En 2010, dans un article du quotidien Sabah diffusé en Turquie, les identités des politiciens kurdes sous contrôle judiciaire ainsi que le CIK avaient été ouvertement partagés. Fidan Dogan était la voix des revendications et de la juste cause d’un peuple qui n’a pour seul but que de bâtir les piliers d’un système démocratique et d’établir un pont entre les Kurdes et l’opinion publique internationale. Elle a contribué à tisser la base de la juste véritable perception des Kurdes à la suite de la victoire de Kobané contre l’ennemi de toute l’humanité. Fidan Dogan a été exécutée par des commanditaires qui ont pour unique et seul but d’éradiquer cette perception juste qui malgré toutes les attaques sanguinaires, qui visent les civils aujourd’hui à Sur, Cizre, Farqin, Silopi et beaucoup de villes kurdes, est déterminée à exister a travers la résistance du peuple Kurde.
Leyla Saylemez, jeune kurde était originaire d’Amed où les massacres de civil-e-s sont devenus quotidiens. Elle était très active dans la jeunesse kurde qui est le rempart principal contre les politiques d’assimilation contre la troisième génération de la mouvance progressiste kurde qui prône un système où toutes les composantes de la société pourraient vivre en harmonie. Elle a su sensibiliser la jeunesse kurde autour d’actions, de manifestations ou de protestations qui étaient souvent criminalisées par les Etats Européens. Son ambition était de construire un monde meilleur tout comme la jeunesse progressiste du monde. Elle était dans la ligné de Sakine Cansiz, elle était convaincue qu’un jour, à chaque coin de son pays, les jeunes femmes kurdes éveilleraient leur conscience pour s’émanciper et s’auto-gérer, comme ces milliers de jeunes femmes yézidies, malgré les obstacles les plus atroces.. Celles-ci sans aucune peur défient et combattent, au prix de leur vie, Daesh qui continue de séquestrer des milliers de ces femmes, et des enfants, dans des bazars et des prisons sécrètes.
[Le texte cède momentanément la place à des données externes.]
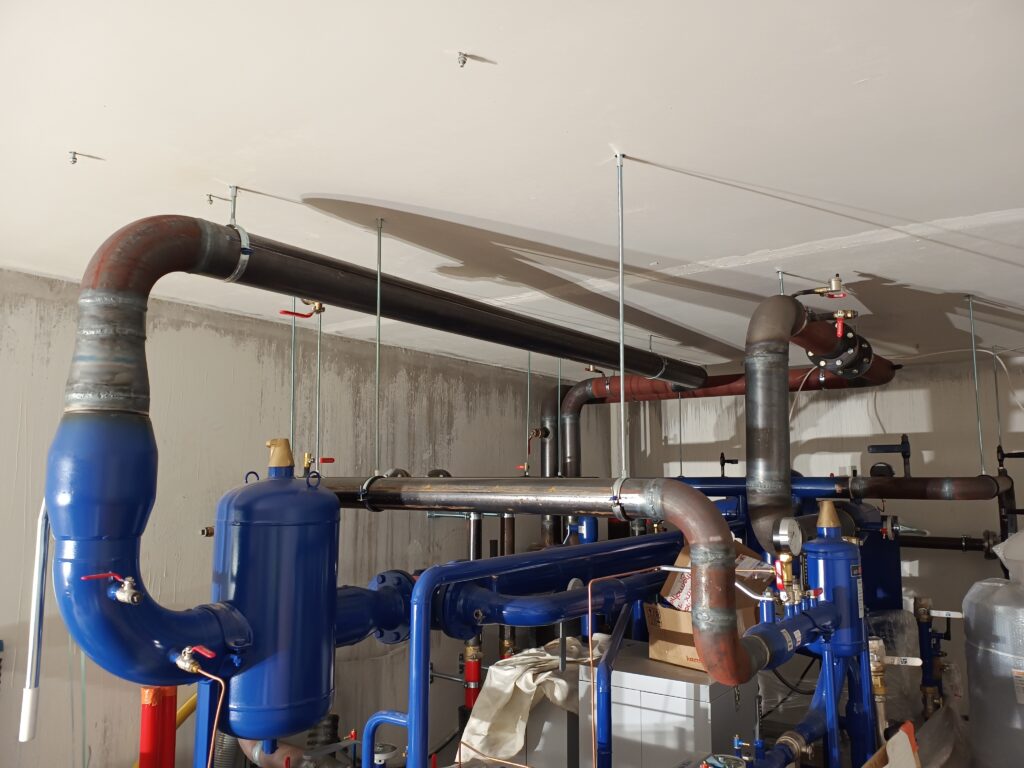 Completed installation of a district heating distribution center.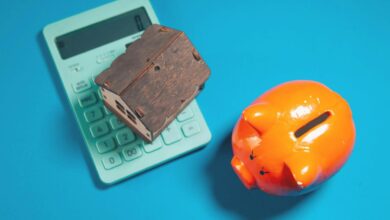 Calculator, piggy bank, and house model on blue background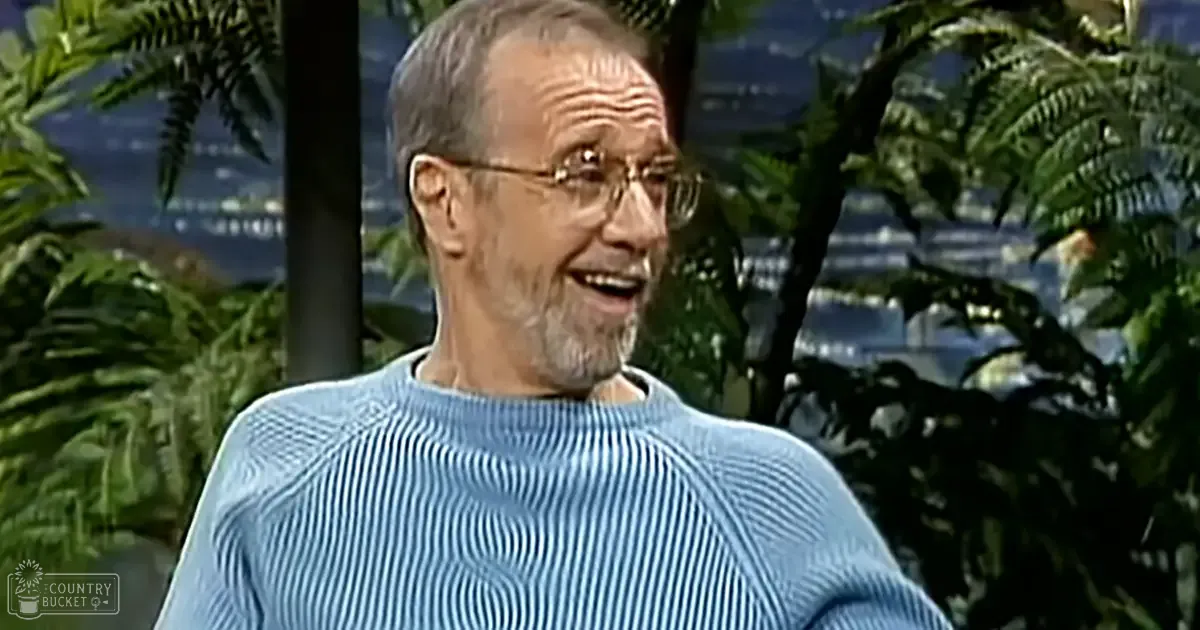 An older adult male wearing a light blue ribbed sweater in a brightly lit studio with large windows showing greenery and a cityscape view.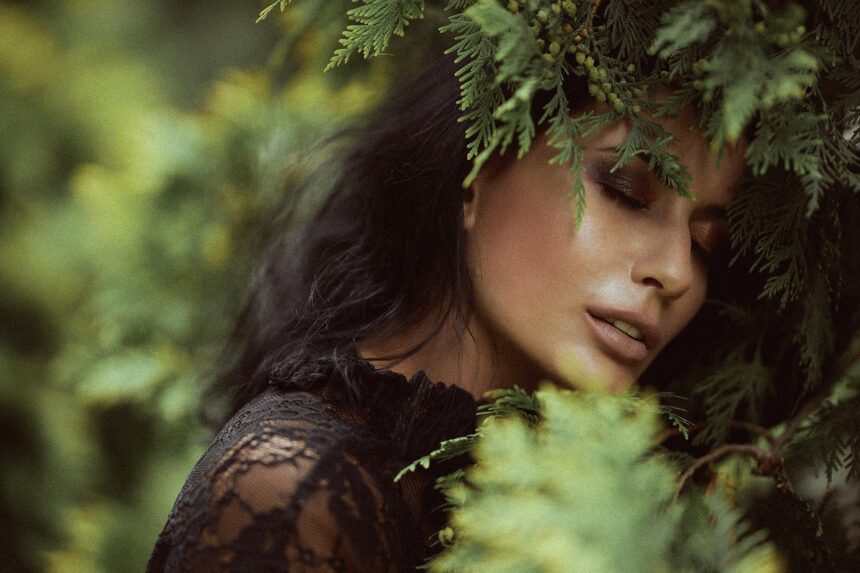 Woman with glowing skin representing the gut-skin connection and microbiome wellness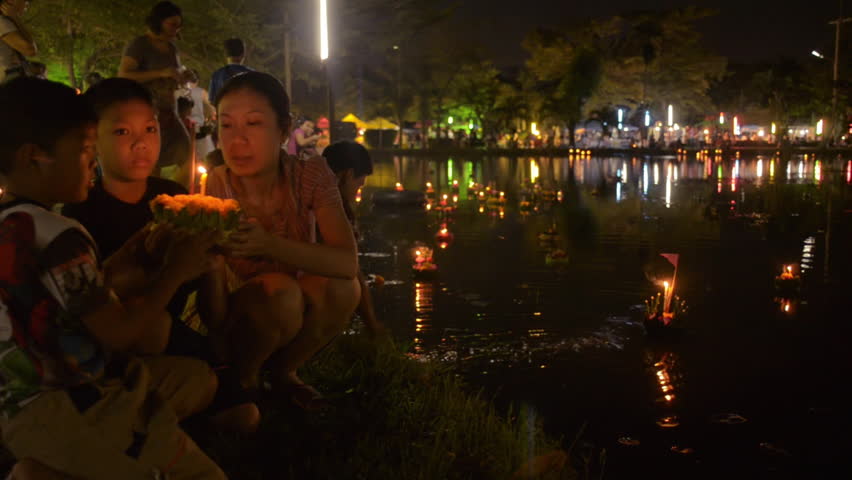 BANGKOK, THAILAND - NOVEMBER 17, 2013: A mother and her sons praying together,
Elle à été exécutée le 9 janvier avec Sakine Cansiz et Fidan Dogan en plein cœur de Paris.
Paris, cette ville où se sont produits plus d’une vingtaines de fois dans son histoire proche des crimes d’Etat, des crimes politiques encore à ce jour non élucidés. Dans cette affaire, nous rencontrons une première, celle des traces d’une relation concrète avec le MIT (1). Mais cela ne répondra pas à beaucoup d’autres questions que nous nous posons. Malgré les documents qui démontrent la connexion du présumé meurtrier Omer Guney avec les unités du MIT, les forces qui ont commandité ces crimes n’ont toujours pas été officiellement identifiées.
Nous demandons encore une fois pourquoi cette même justice française qui signe des accords avec la Turquie pour le partage des données personnelles des détenu-e-s sous contrôle judiciaire ou des réfugié-e-s politiques en France telle Sakine Cansiz qui devait être sous protection selon la convention de Genève, n’a pas demandé à la Turquie le contenu du dossier d’instruction sur l’affaire du triple assassinat?
A ce jour les familles des victimes n’ont pas été reçues par le gouvernement Français.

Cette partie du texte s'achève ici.